Under the modified rules, Company X would be permitted to engage Audit Firm A for audit services. In recent years, the SEC staff led a number of consultations in which this and similar fact patterns were raised to the SEC staff by the registrant’s audit committee and its auditor. In these situations, the SEC staff did not oppose the auditor’s and the audit committee’s conclusion that the auditor’s objectivity and impartiality would not be compromised. Over the past decade, SEC staff has provided similar feedback in these types of scenarios. The amended rules would alleviate the need for registrants’ audit committees and their auditors to seek SEC staff guidance in these scenarios.

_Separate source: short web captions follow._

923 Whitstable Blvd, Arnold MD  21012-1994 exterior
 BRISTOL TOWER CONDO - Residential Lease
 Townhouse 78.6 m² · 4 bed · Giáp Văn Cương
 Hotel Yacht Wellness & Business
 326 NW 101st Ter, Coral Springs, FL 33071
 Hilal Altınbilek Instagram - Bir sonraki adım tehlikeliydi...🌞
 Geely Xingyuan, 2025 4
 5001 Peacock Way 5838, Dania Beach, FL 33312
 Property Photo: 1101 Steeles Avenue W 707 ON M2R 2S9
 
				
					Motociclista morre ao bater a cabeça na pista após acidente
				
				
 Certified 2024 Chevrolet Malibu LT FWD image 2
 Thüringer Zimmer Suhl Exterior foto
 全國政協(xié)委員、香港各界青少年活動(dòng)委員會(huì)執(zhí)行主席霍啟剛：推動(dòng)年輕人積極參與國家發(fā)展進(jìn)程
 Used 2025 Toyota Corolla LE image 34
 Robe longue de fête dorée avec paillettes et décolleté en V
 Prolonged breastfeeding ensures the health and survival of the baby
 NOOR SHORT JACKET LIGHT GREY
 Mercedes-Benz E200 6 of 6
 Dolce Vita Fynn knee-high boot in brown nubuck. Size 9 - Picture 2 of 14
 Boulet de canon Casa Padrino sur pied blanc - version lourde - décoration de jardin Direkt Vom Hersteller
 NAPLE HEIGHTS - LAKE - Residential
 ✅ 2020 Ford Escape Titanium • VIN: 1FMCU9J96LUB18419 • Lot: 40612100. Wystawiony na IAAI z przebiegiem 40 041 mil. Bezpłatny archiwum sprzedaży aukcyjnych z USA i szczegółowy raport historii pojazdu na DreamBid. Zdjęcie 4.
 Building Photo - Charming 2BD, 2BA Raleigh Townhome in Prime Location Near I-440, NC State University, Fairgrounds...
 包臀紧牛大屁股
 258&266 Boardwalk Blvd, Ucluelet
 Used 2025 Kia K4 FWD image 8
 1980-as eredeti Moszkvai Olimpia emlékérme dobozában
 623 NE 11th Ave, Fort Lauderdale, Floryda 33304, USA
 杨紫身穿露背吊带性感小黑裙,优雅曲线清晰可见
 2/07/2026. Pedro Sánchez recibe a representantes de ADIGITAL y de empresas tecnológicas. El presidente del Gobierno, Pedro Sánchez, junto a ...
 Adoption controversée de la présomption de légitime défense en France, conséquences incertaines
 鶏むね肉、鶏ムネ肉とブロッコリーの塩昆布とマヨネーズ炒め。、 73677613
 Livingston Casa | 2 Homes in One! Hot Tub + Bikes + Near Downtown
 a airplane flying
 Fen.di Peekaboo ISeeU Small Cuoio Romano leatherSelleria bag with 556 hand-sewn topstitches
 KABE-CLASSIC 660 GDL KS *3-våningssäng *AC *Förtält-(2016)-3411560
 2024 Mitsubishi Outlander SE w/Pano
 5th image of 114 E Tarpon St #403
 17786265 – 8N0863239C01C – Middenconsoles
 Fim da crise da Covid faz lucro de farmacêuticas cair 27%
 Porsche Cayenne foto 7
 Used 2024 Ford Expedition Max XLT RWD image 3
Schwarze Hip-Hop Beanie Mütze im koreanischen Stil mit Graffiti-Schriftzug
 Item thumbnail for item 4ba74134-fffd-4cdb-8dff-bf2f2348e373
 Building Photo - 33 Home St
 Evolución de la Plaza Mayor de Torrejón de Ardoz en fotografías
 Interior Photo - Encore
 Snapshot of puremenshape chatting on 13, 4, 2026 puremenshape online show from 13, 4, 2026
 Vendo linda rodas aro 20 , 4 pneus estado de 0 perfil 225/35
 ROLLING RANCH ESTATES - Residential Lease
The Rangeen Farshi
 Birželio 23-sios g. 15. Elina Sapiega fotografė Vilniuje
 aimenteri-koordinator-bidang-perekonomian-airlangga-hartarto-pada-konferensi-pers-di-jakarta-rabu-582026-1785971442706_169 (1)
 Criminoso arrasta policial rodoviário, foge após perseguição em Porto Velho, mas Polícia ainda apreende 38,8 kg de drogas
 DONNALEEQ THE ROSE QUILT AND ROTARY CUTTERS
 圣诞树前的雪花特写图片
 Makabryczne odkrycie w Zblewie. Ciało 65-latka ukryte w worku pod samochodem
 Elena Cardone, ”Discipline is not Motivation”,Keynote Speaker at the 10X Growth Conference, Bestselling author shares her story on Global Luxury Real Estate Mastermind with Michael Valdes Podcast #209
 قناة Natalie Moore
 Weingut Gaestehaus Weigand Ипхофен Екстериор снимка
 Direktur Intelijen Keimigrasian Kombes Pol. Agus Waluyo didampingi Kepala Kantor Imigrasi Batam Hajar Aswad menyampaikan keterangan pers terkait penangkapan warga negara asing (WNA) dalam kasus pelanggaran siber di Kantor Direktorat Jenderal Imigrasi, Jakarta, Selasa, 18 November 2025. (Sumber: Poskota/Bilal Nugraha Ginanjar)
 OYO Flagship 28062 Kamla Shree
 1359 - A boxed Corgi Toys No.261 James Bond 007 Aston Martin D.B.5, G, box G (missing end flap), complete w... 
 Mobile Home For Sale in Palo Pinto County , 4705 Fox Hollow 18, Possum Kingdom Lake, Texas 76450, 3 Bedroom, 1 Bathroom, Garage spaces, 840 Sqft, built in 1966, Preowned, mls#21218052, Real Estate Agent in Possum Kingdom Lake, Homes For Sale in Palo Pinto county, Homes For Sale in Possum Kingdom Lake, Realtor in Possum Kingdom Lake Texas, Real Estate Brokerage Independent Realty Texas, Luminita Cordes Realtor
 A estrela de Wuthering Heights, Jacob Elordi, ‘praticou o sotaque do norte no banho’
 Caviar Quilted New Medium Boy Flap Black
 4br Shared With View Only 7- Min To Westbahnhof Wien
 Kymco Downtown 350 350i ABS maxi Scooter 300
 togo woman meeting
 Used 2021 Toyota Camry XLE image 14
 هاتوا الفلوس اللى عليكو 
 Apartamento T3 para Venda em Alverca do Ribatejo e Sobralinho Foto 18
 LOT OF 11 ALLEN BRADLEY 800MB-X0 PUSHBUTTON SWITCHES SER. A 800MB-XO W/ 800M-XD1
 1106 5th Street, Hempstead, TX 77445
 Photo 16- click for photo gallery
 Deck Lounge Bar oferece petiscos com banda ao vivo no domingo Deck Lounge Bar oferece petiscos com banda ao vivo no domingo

The modernized auditor independence requirements will also:
- amend the definitions of “affiliate of the audit client,” in Rule 2-01(f)(4), and “investment company complex,” in Rule 2-01(f)(14), to address certain affiliate relationships, including entities under common control
- revise the definition of “audit and professional engagement period,” specifically Rule 2-01(f)(5)(iii), to shorten the look-back period, for domestic first-time filers in assessing compliance with the independence requirements
- amend Rule 2-01(c)(1)(ii)(A)(1) and (E) to add certain student loans and minor consumer loans to the categorical exclusions from independence-impairing lending relationships
- modify Rule 2-01(c)(3) to replace the reference to “substantial stockholders” in the business relationships rule with the concept of beneficial owners with significant influence
- replace the outdated transition provision in Rule 2-01(e) with a new Rule 2-01(e) to introduce a transition framework to address inadvertent independence violations that only arise as a result of a merger or acquisition transactions
- improve competition and audit quality by increasing the number of qualified audit firms that issuers can choose from
Auditors may not retroactively apply the final rule to relationships and services in existence before the effective date or the early compliance date if chosen by an audit firm. Voluntary early compliance is allowed after the amendments are published in the Federal Register before the effective date if the final amendments are applied in their entirety from the date of early compliance. The amendments will be in effect 180 days following publication in the Federal Register.